A hydrogen ‘do-over’ for California

A hydrogen ‘do-over’ for California


Melanie Davidson is a hydrogen policy and markets expert. Most recently she led clean fuels strategy at San Diego Gas & Electric. She is former board member of the California Hydrogen Business Council and was a founding staff member of the Green Hydrogen Coalition.

Recently, over $2 billion of federal funding for the U.S. Department of Energy California and Pacific Northwest hydrogen hubs was terminated. These hubs were premised on the use of “renewable, electrolytic hydrogen” — meaning hydrogen generated by using renewable electricity to power water-splitting electrolyzers. The resultant hydrogen would have replaced fossil fuels for heavy duty transportation, port operations and power generation. 

The idea of a fully renewable, water-based, hydrogen economy for the West was an exciting one — both in its altruism and the premise, backed by the DOE’s 2021 “hydrogen shot.” The idea was for cheap, abundant solar and rapidly declining electrolyzer cost curves to generate hydrogen from water with zero emissions — for $1/kg by 2030, no less. 

However, cuts in hub funding, together with a 2027 sunset date for projects to qualify for the hydrogen production tax credit, are just two more blows to the many pre-existing economic challenges facing a renewable hydrogen future. At least in California, those challenges include rising (not falling) capital costs for electrolyzers and electrical equipment, high interest rates, a scarcity of water rights, and high costs of grid electricity, qualifying renewable energy credits, and land. 

The renewable hubs were anchored on the idea that by leveraging otherwise curtailed solar (terrawatt-hours worth annually), we could generate cheap, abundant, seasonally stored renewable electrolytic hydrogen at distributed locations, then convert the hydrogen back to the grid via fuel cells as needed. It’s an elegant idea, but it doesn’t pencil. The capital costs of those electrolyzers, compressors, liquefiers, hydrogen storage vessels and fuel cells are simply too high when paired with low and unpredictable capacity factors. 

On the flip side, electrolytic projects with predictable and high capacity factors must rely on grid electricity. The economics of these projects work in markets where grid electricity costs are low — say $0.04/kWh. But in California, average industrial rates of over $0.22/kWh can lead to electrolytic hydrogen production costs exceeding $20/kg — a non-starter for any reasonable offtaker.
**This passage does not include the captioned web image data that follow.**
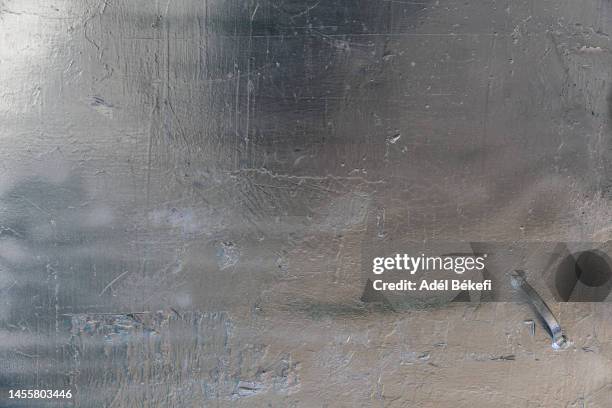 detail of silver colored metal door - modern iron gates stock pictures, royalty-free photos & images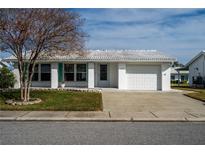 White single story home with teal shutters, attached garage, and landscaped lawn at 9205 40Th N Way # 5, Pinellas Park, FL 33782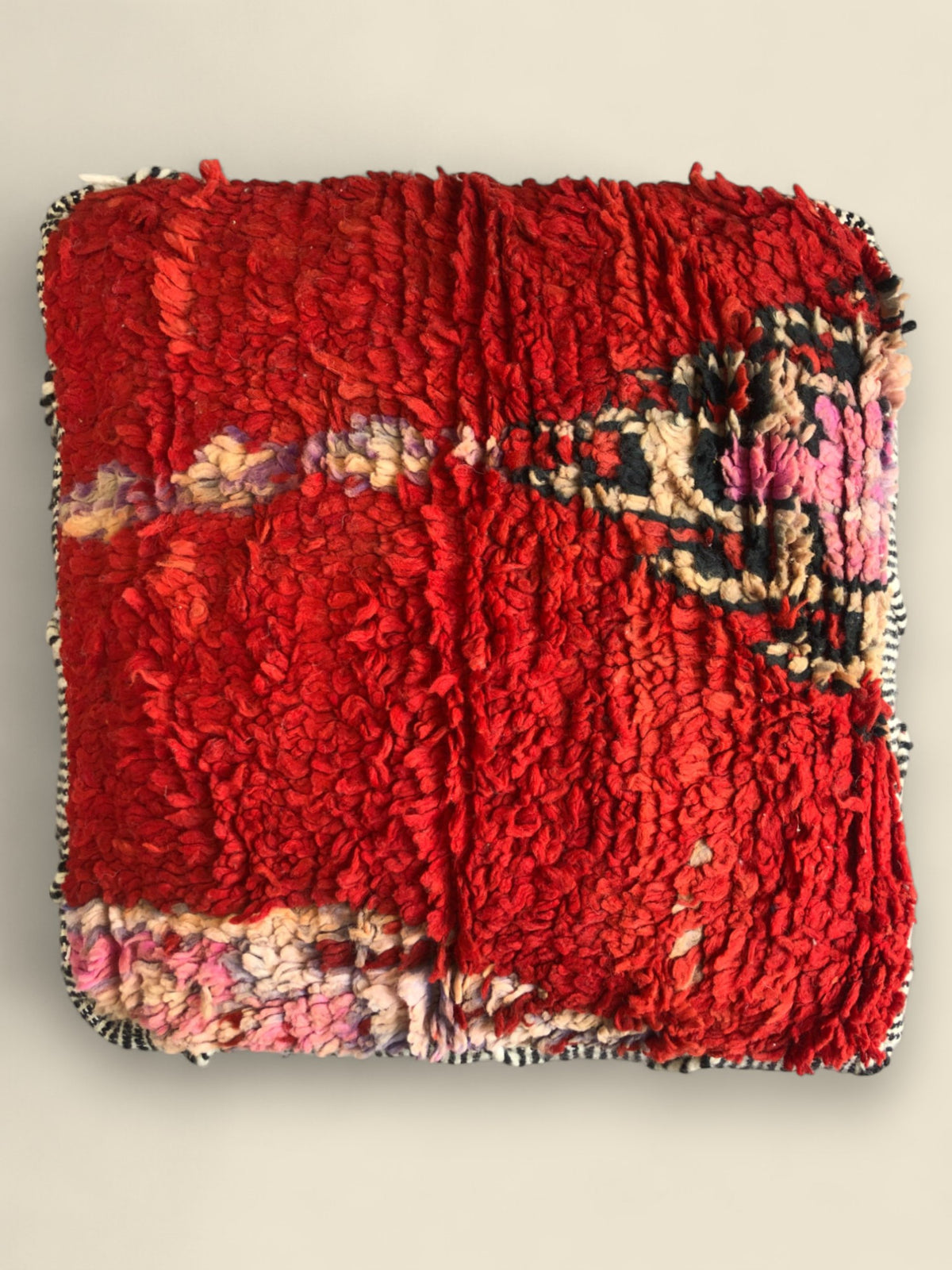 Top view of Moroccan Pouffe With red Color Wool 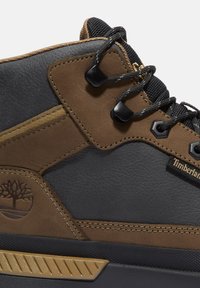 Zapatilla superior de cuero negro y marrón con acabado texturizado, acentos dorados, logotipo prominente y cordones negros asegurados por ojales negros.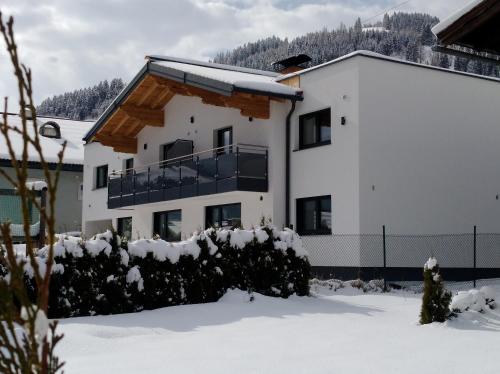 a white building with snow on the ground at M4 Appartements in Wagrain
The inconvenient truth is that without massive grid cross-subsidies borne by residential and commercial ratepayers, there is no simply no way for California to generate renewable electrolytic hydrogen at the price and scale needed to affordably decarbonize the state’s heavy duty transportation, industrial thermal energy, and power generation. 

So what are we to do? The answer is not to abandon hydrogen altogether — clean fuels will be a critical part of a reliable electrified future. The answer is to broaden the type of hydrogen we can live with. I urge all of us in the industry to use this moment as a hydrogen “do-over” for California and beyond.

It is time to put aside the theological zeal for renewable electrolytic hydrogen at all costs, and instead act with logical dispassion to deploy “clean hydrogen.” As defined under the Biden bipartisan infrastructure legislation, clean hydrogen meets a carbon intensity score of ≤4 kgCO2/kgH2. That’s it. The definition is technology and feedstock-neutral, and allows for many pathways to generate low cost, low carbon molecules. Making hydrogen cost-competitive with diesel at scale, even without subsidies, is the only way hydrogen can meaningfully help decarbonize our economy — and we certainly need its help. 

One such technology that can meaningfully usher in the clean hydrogen future is methane pyrolysis. Methane pyrolysis is a process that uses high temperatures in the absence of oxygen to break down methane into two components: hydrogen gas, and solid carbon that is permanently sequestered from atmosphere. Both products can be sold, making the investment financially attractive. The solid carbon can replace bitumen and other fossil-based products as a valuable input to industries ranging from rubber making to asphalt. In 2024, Bill Gates filled a pothole with it. 

Because natural gas is cheap and abundant and already delivered to customers via existing, built-and-paid-for pipeline infrastructure, methane pyrolysis has the ability, in many cases, to literally meet customers where they are: delivering low-cost, low carbon hydrogen at the point of use. In this way, collocating hydrogen production and use can eliminate the cost and energy required for hydrogen compression, storage, and dedicated pipelines.